After waiting another eternity on this damned corner, I resolve to engage at least one person on thiscorner. I walk gingerly up to the Ford Explorer stopped at the light. The driver is a 40ish man in street clothes, so I’m relatively assured that he either has enough money not to work or has one of those jobs that allow for free-thinking and poetic tendencies. I make eye contact with the man and he looks back and, noticing my sign, lets out a laugh. He rolls down the window.

“I don’t have $500. What kind of poems are you selling?” He sounds vaguely Texan, something that puts me at ease. I am from Texas.

“I’ve got a few kinds here. Romantic, pensive, natural…”

“I’ll give you five dollars for one of each.”

“Five a piece?”

“God, no. Five for one of each.” I am about to wet myself I am so excited. I reach into each of my little cardboard boxes and pull out one of each poem. I hand him the poems and he hands me a five dollar bill. My first poetry sale fills me with such happiness that after taking the money, I nearly walk out into traffic out of mongloid jubilation. There are souls on this earth that still care!

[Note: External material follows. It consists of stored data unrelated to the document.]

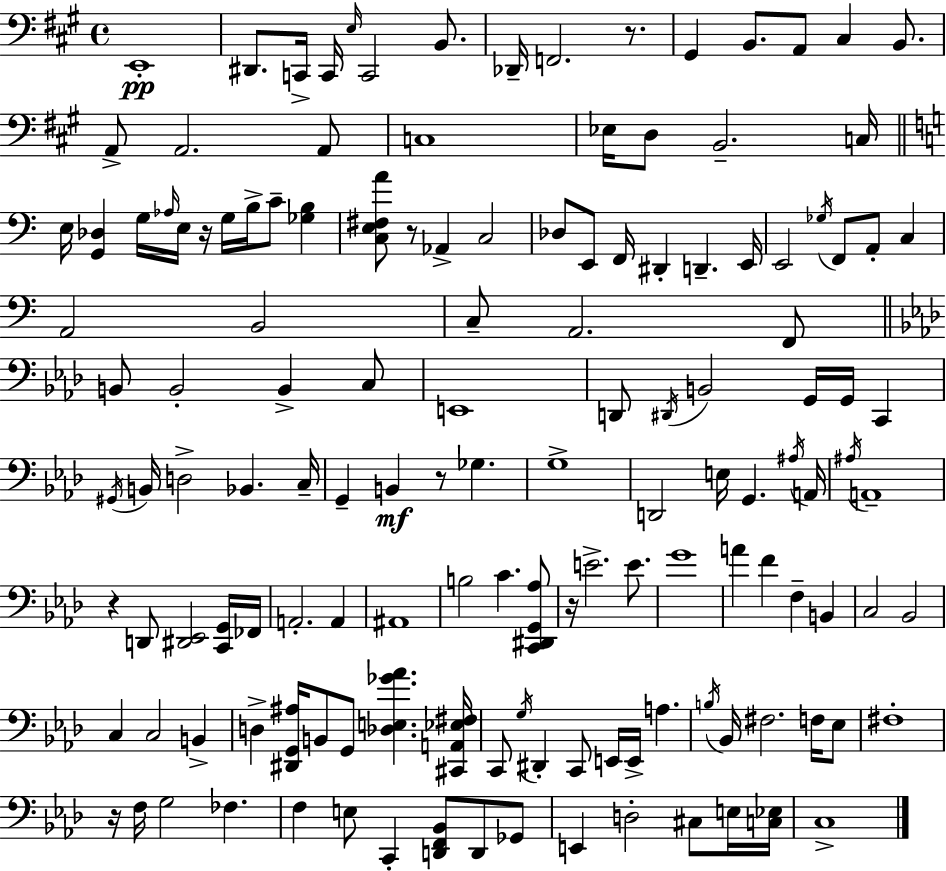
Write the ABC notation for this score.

X:1
T:Untitled
M:4/4
L:1/4
K:A
E,,4 ^D,,/2 C,,/4 C,,/4 E,/4 C,,2 B,,/2 _D,,/4 F,,2 z/2 ^G,, B,,/2 A,,/2 ^C, B,,/2 A,,/2 A,,2 A,,/2 C,4 _E,/4 D,/2 B,,2 C,/4 E,/4 [G,,_D,] G,/4 _A,/4 E,/4 z/4 G,/4 B,/4 C/2 [_G,B,] [C,E,^F,A]/2 z/2 _A,, C,2 _D,/2 E,,/2 F,,/4 ^D,, D,, E,,/4 E,,2 _G,/4 F,,/2 A,,/2 C, A,,2 B,,2 C,/2 A,,2 F,,/2 B,,/2 B,,2 B,, C,/2 E,,4 D,,/2 ^D,,/4 B,,2 G,,/4 G,,/4 C,, ^G,,/4 B,,/4 D,2 _B,, C,/4 G,, B,, z/2 _G, G,4 D,,2 E,/4 G,, ^A,/4 A,,/4 ^A,/4 A,,4 z D,,/2 [^D,,_E,,]2 [C,,G,,]/4 _F,,/4 A,,2 A,, ^A,,4 B,2 C [C,,^D,,G,,_A,]/2 z/4 E2 E/2 G4 A F F, B,, C,2 _B,,2 C, C,2 B,, D, [^D,,G,,^A,]/4 B,,/2 G,,/2 [_D,E,_G_A] [^C,,A,,_E,^F,]/4 C,,/2 G,/4 ^D,, C,,/2 E,,/4 E,,/4 A, B,/4 _B,,/4 ^F,2 F,/4 _E,/2 ^F,4 z/4 F,/4 G,2 _F, F, E,/2 C,, [D,,F,,_B,,]/2 D,,/2 _G,,/2 E,, D,2 ^C,/2 E,/4 [C,_E,]/4 C,4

I am the happiest man alive I resolve to stay out on this magical corner for the rest of my days, happily whooping like a Valkyrie and selling poems to this world—this beautiful, artistic, forgiving, gentle world. I regard the Rocky Mountains in the distance and feel I belong here in this place. There is a place for the poet on this Earth!

As my eyes water with joy and Haydn’s “Der Himmel Erzahlen” bellows throughout my very soul, aFord Explorer pulls up and a 40ish man with a hint of a Texas accent throws some pieces of paper at my feet.

“Hey, man—these motherfuckers don’t even rhyme.”